Q. Re: Deceased Sibling: The letter writer sounds young, like she is still dating for fun. But as a woman in my mid-30s who was dating to find a spouse, I found that the personal tragedies I’d experienced that came up in answers to routine questions were useful quick screening anecdotes for dates. Dating is about getting to know who the other person is, hopefully as quickly and fully as possible. Seeing how they respond to tragedy can give one a quick read on general levels of empathy and social skill.

A: I get your point, but presenting a big ball of tragedy on the first few dates as a test is kind of an unfair one. Lots of perfectly decent, empathetic people might be blindsided by hearing a lot of sad news from a relative stranger. Everyone has a life story, some marked by extreme misfortune, and no one should feel she has to lie about such things. But one also has to use judgment about how much of this to drop during the “get to know you” phase.

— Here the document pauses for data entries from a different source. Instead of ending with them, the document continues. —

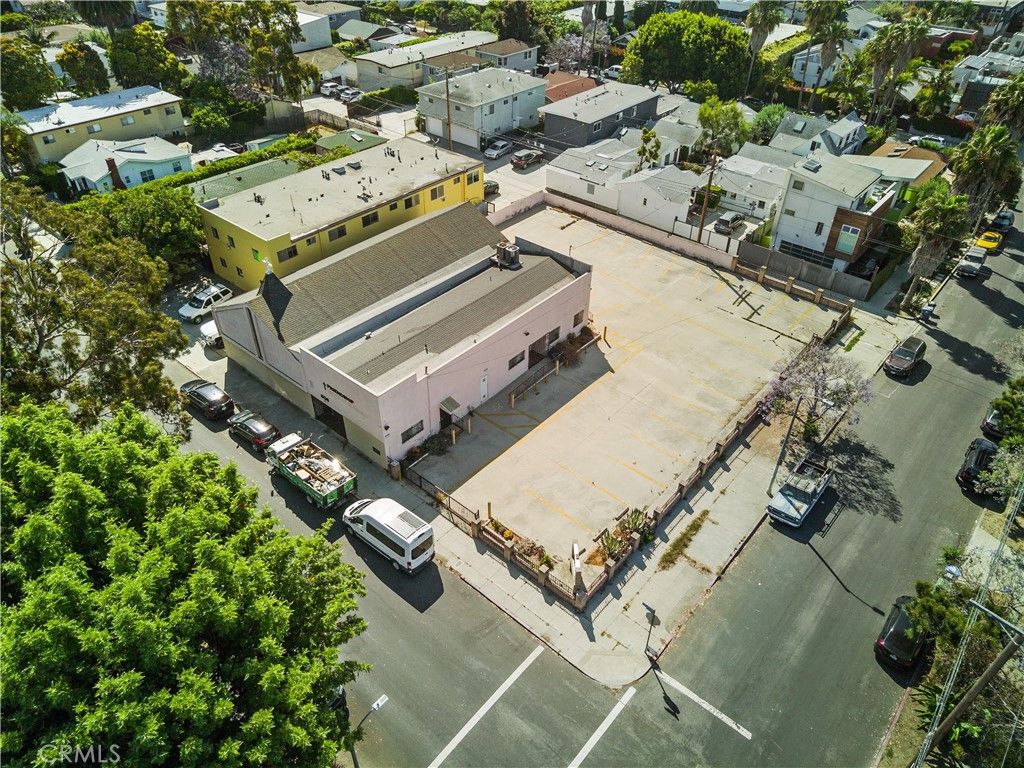 Photo of 602 Broadway Street, Venice, CA 90291 (MLS # JT25153410)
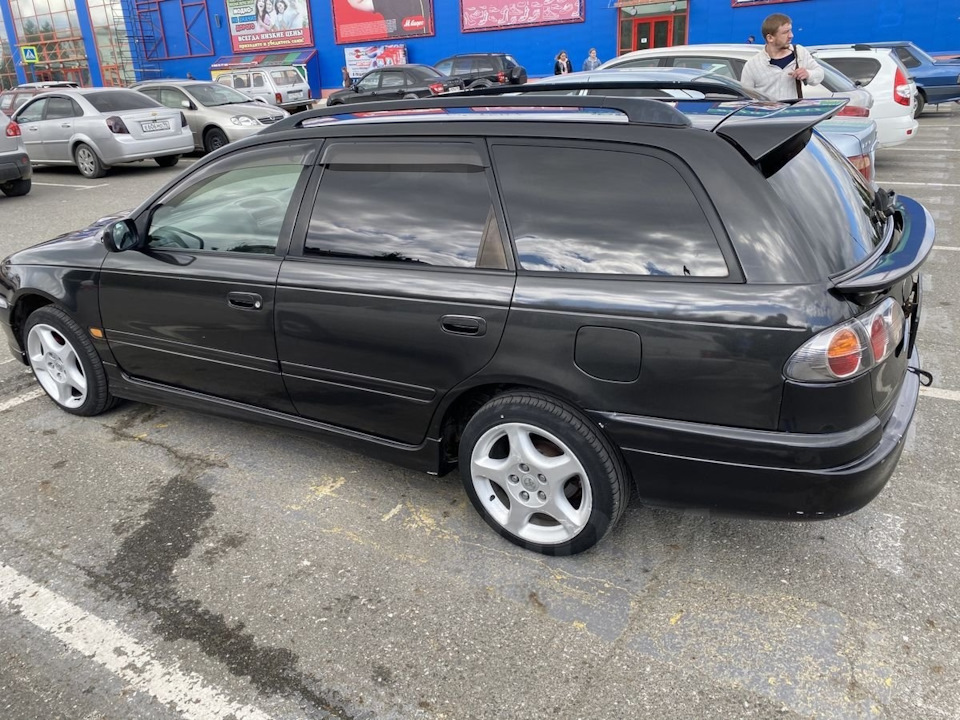 Тойота Калдина 1997 года. Тойота Калдина 2 поколение. Toyota Caldina 2 поколение. Карпил.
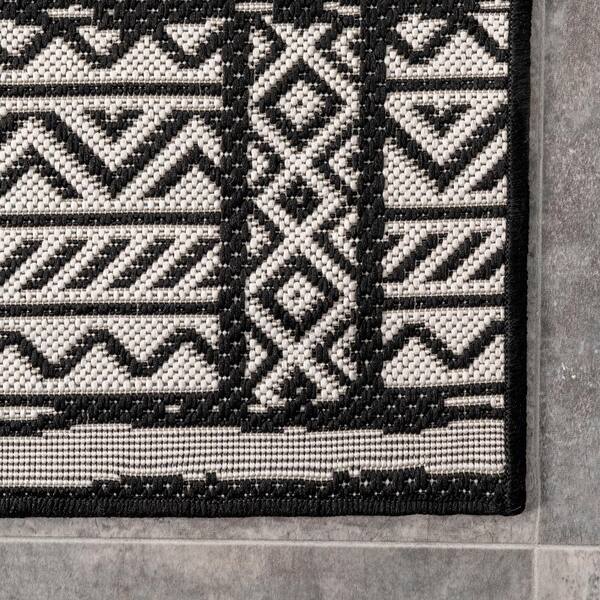 nuLOOM Abbey Tribal Striped Beige 9 ft. 6 in. x 12 ft. Indoor/Outdoor Patio Area Rug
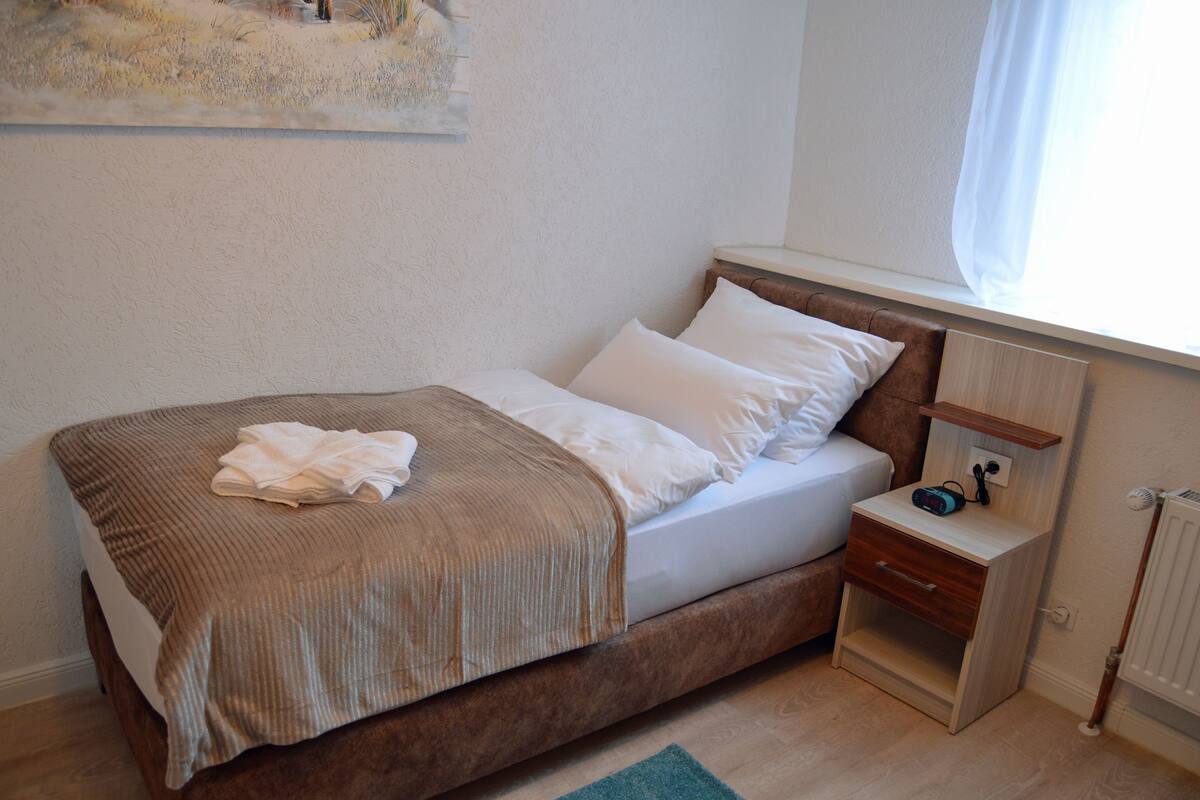 Ropa de cama de alta calidad y escritorio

Q. Professor Has Cancer: I am currently a university senior and a friend of mine discovered that one of our beloved professors is not teaching this semester. When she emailed him to inquire why, he responded that he is undergoing treatment for cancer and is taking a leave of absence (he is very young). I feel very sorry at this news, and would like to reach out to him with a card signed by the students, or at least an email. However, I do not think his condition is common knowledge (since she had to ask to find out) and I’m sure he wants his privacy. Would it be rude to email him? How would I get a card to him if he is not on campus?